Monday, October 31, 2005

I got hold of Dan Chiasson’s new book today, a book which I think will be very much in the minds of poetry-folks for a little while. I was skeptical, filled with a tinge of bitterness about why Chaisson gets to come to the forefront of his generation by publishing a book with Knopf. I read Josh Corey’s blog posting about it, and the correspondence alluded to there, which encouraged me. I should admit that I prefer to like a book than not to like it—poetry is more useful to me if it makes me want to write or read more poetry. So I like Chiasson’s book. In fact, I think it’s pretty damn great. There are some major poems in it. Look at this wonderful stanza:


When you ran towards me, I said, Stop there,
stop now, you’ll end up
in a stranger’s life; and when you ran away
I said the same words over again, louder.


There are many moments which are that accessible, that plain, that full of truth about an experienced phenomenon. What’s more true of love than that? It reminds me of the scene in Me and You and Everyone We Know (Miranda July) in which she labels her shoes “Me” and “You” and films them approaching each other and backing away. So Chiasson accomplishes many things like that. but there are also many moments of highly self-aware language, moments when we are reminded that we are constructing our world through words, in which multi-layered speakers describe language and experience simultaneously, as in this snippet from “The Elephant”:


We elephants are images of humility, as when we
undertake our melancholy migrations to die.

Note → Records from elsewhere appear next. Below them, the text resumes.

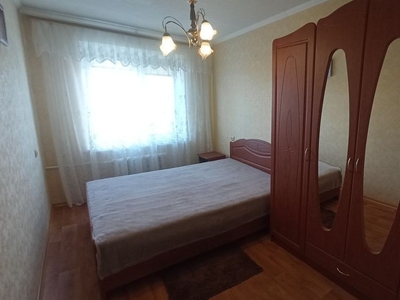 Продам 2 комнатную квартиру на Покровском (Коммунаре)
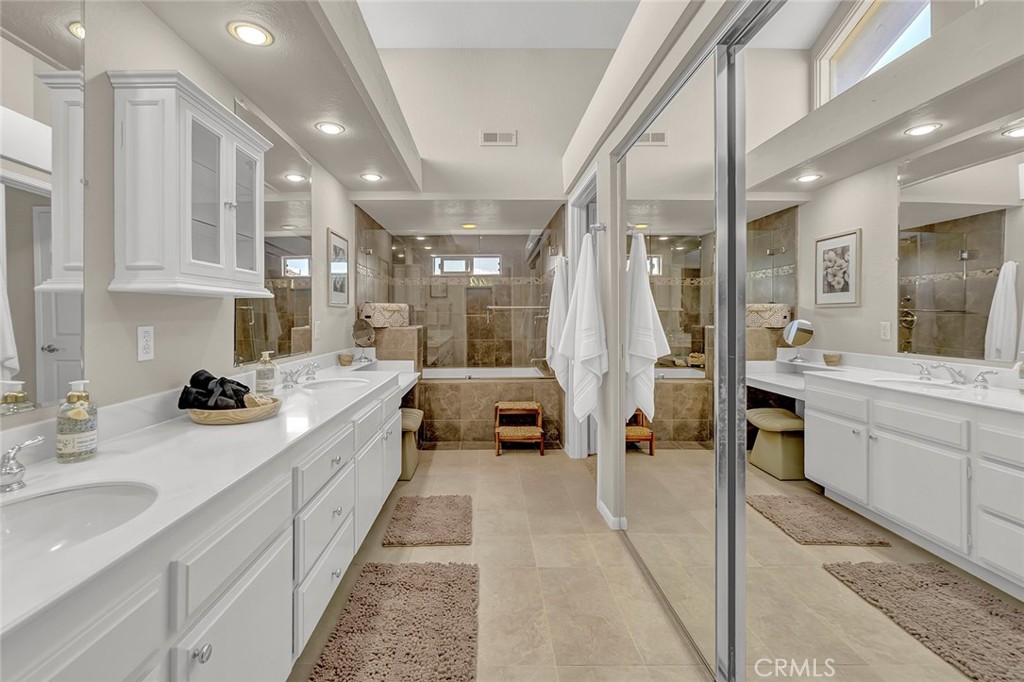 25151 Via Playa Property Photo 34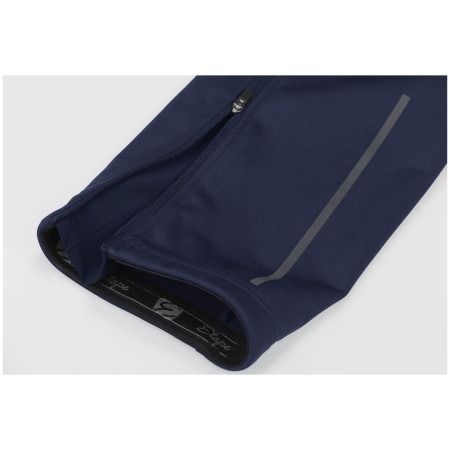 Жіночі штани Etape VERENA 2.0 WS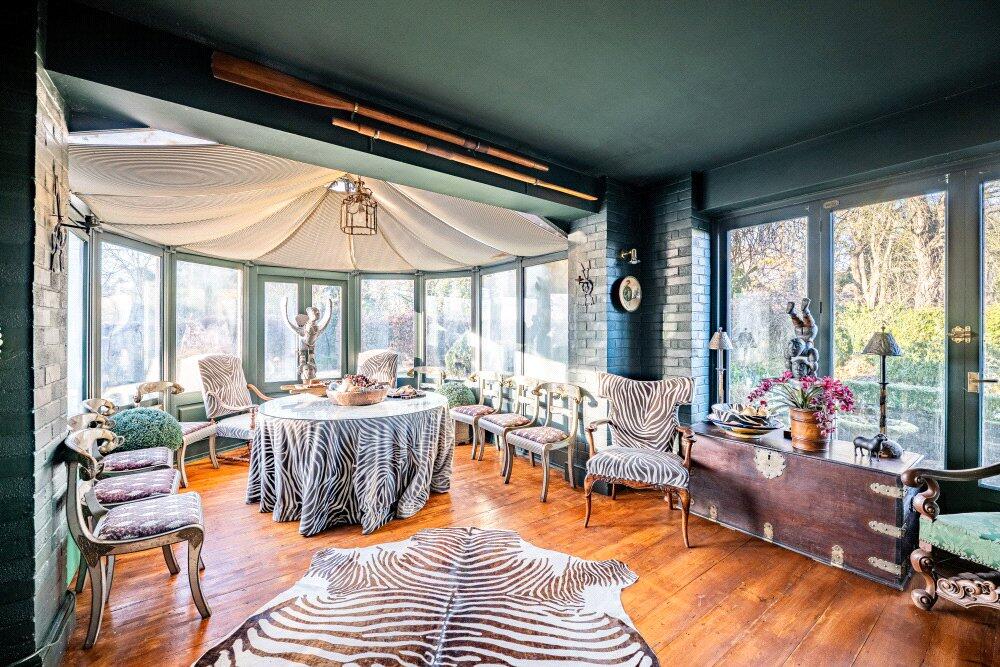 Additional image 10 of St Marys House, Chitterne, Warminster, BA12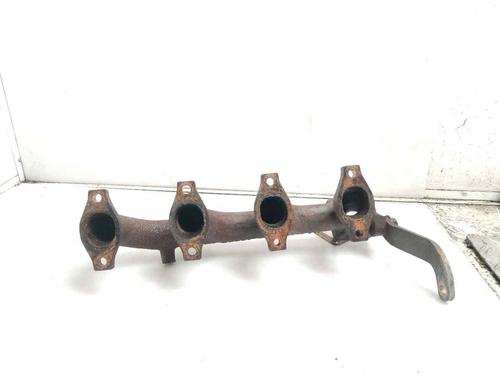 Udstødningsmanifold RENAULT MASTER II Van (FD) | BP21187103M110
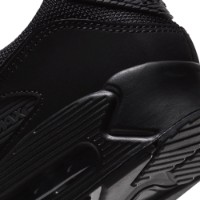 Adidași pentru bărbați Nike Air Max 90 Black, s.44.5 imaginea #8 — magazin online Desire.md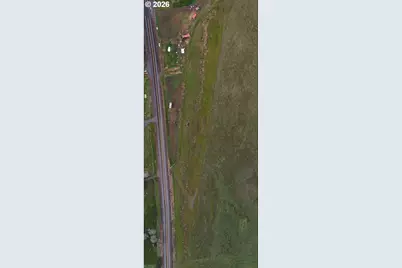 9279 Highway 14, Wishram, WA 98673 - Photo 26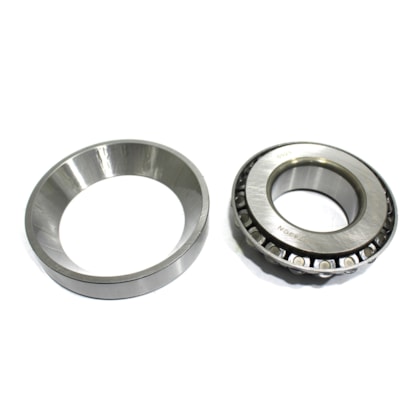 MERITOR | 802603 | ROLAMENTO (55206C/55437) CORPO PINHAO FORD/VW/MB EIXO MS240/MS245/MS248 (52,388X111,1125X30,16MM)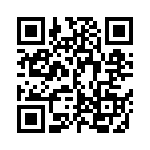 ECC18DCKD-S288 QRCode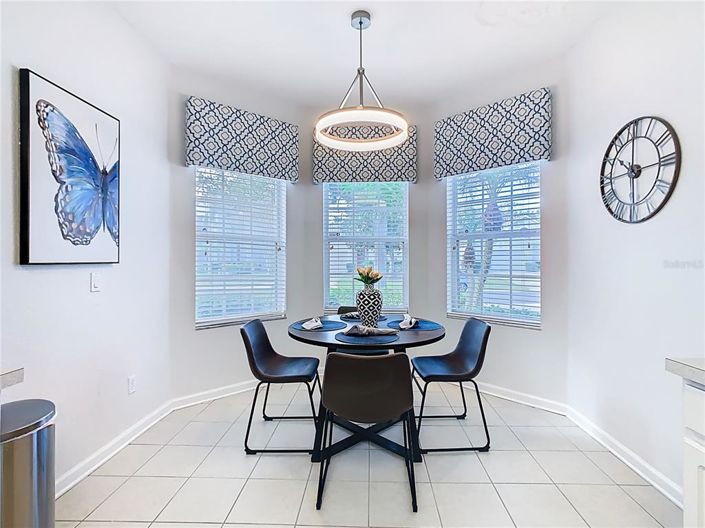 Image No.12-Propriété de 5 chambres à vendre à Kissimmee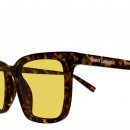 oculos-de-sol-sl-500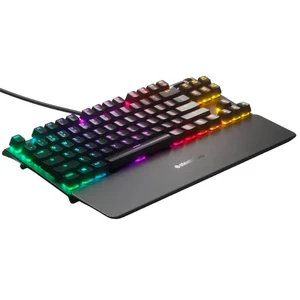 Клавиатура SteelSeries Apex Pro TKL - Фото 2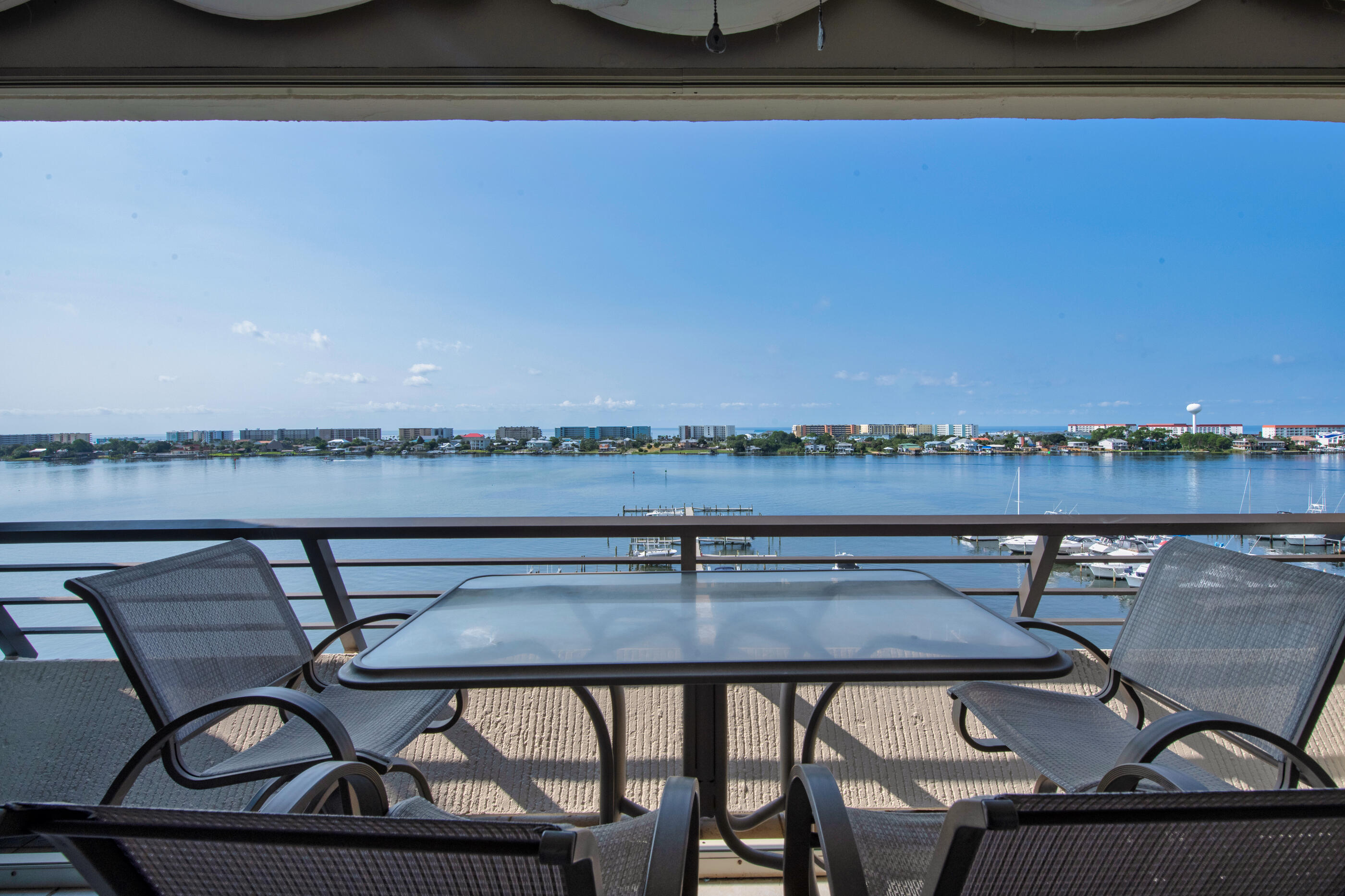 200 SW Miracle Strip Parkway Fort Walton Beach FL 32548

Did you know, though, that elephants were taught
to write the Greek alphabet with their hooves?

Worn out by suffering, we lie on our great backs,
tossing grass up to heaven—as a distraction, not a prayer.

That’s not humility you see on our long final journeys:
it’s procrastination. It hurts my heavy body to lie down.

(blogger won't do it for some reason, but the second line of each stanza should be indented)




The proposition that we should accept this serious speech from an elephant is ridiculous, which the poem acknowledges with silly details—which are silly even if they’re true—such as the second stanza quoted above. And yet, it’s also rendered with such gravity (“as a distraction, not a prayer”) that we can’t help but superimpose the poem into our own human voice. The serious, human language, a combination of carefully modulated tone, vaguely timeless vocabulary, and dark subject matter, creates a speaker who is simultaneously poking fun at humanity and also deeply empathizing with human suffering. The elephant is heroic in its denial of death, but also pathetic, too lazy to die, too lazy (and too afraid) to face that its time is over. It’s very subtle and masterfully done. And, of course, it’s more accessible than the work of many other younger poets, hence a good vehicle for bringing contemporary concerns about the lack of faith in language as a tool of communication to a broader audience.

1 comment:

howie said...

i really enjoyed your thoughts on this collection. now, i'm curious.